Maternal inflammation during gestation is associated with a later diagnosis of neurodevelopmental disorders including autism spectrum disorder (ASD). However, the specific impact of maternal immune activation (MIA) on placental and fetal brain development remains insufficiently understood. This study aimed to investigate the effects of MIA by analyzing placental and brain tissues obtained from the offspring of pregnant C57BL/6 dams exposed to polyinosinic: polycytidylic acid (poly I: C) on embryonic day 12.5. Cytokine and mRNA content in the placenta and brain tissues were assessed using multiplex cytokine assays and bulk-RNA sequencing on embryonic day 17.5. In the placenta, male MIA offspring exhibited higher levels of GM-CSF, IL-6, TNFα, and LT-α, but there were no differences in female MIA offspring. Furthermore, differentially expressed genes (DEG) in the placental tissues of MIA offspring were found to be enriched in processes related to synaptic vesicles and neuronal development. Placental mRNA from male and female MIA offspring were both enriched in synaptic and neuronal development terms, whereas females were also enriched for terms related to excitatory and inhibitory signaling. In the fetal brain of MIA offspring, increased levels of IL-28B and IL-25 were observed with male MIA offspring and increased levels of LT-α were observed in the female offspring. Notably, we identified few stable MIA fetal brain DEG, with no male specific difference whereas females had DEG related to immune cytokine signaling. Overall, these findings support the hypothesis that MIA contributes to the sex- specific abnormalities observed in ASD, possibly through altered neuron developed from exposure to inflammatory cytokines. Future research should aim to investigate how interactions between the placenta and fetal brain contribute to altered neuronal development in the context of MIA.
母体妊娠期间的炎症与神经发育障碍(包括自闭症谱系障碍)的后期诊断有关。然而,母体免疫激活(MIA)对胎盘和胎儿大脑发育的具体影响仍知之甚少。本研究旨在通过分析孕 C57BL/6 母鼠暴露于聚肌苷酸:聚胞苷酸(poly I: C)后胚胎第 12.5 天的胎盘中获得的组织,来研究 MIA 的影响。使用多重细胞因子分析和胚胎第 17.5 天的 bulk-RNA 测序来评估胎盘和脑组织中的细胞因子和 mRNA 含量。在胎盘组织中,雄性 MIA 后代表现出更高水平的 GM-CSF、IL-6、TNFα 和 LT-α,但雌性 MIA 后代没有差异。此外,还发现 MIA 后代胎盘组织中的差异表达基因(DEG)富集在与突触小泡和神经元发育相关的过程中。
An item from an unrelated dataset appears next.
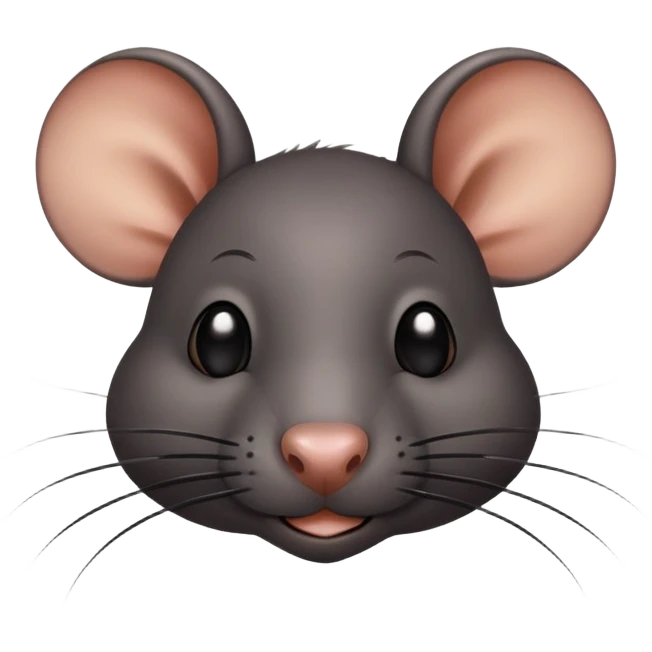 All black rat with the inscription “I ❤️ Stevie” emoji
雄性和雌性 MIA 后代的胎盘 mRNA 均富集在突触和神经元发育相关术语中,而雌性后代还富集在兴奋性和抑制性信号相关术语中。在 MIA 后代的胎脑中,观察到雄性 MIA 后代的 IL-28B 和 IL-25 水平升高,而雌性后代的 LT-α 水平升高。值得注意的是,我们仅鉴定到少数稳定的 MIA 胎脑 DEG,雄性中没有特定差异,而雌性中与免疫细胞因子信号相关的 DEG。总体而言,这些发现支持了 MIA 导致 ASD 中观察到的性别特异性异常的假说,这可能是通过暴露于炎症细胞因子导致发育中的神经元发生改变。未来的研究应旨在探讨胎盘和胎儿大脑之间的相互作用如何在 MIA 背景下导致神经元发育改变。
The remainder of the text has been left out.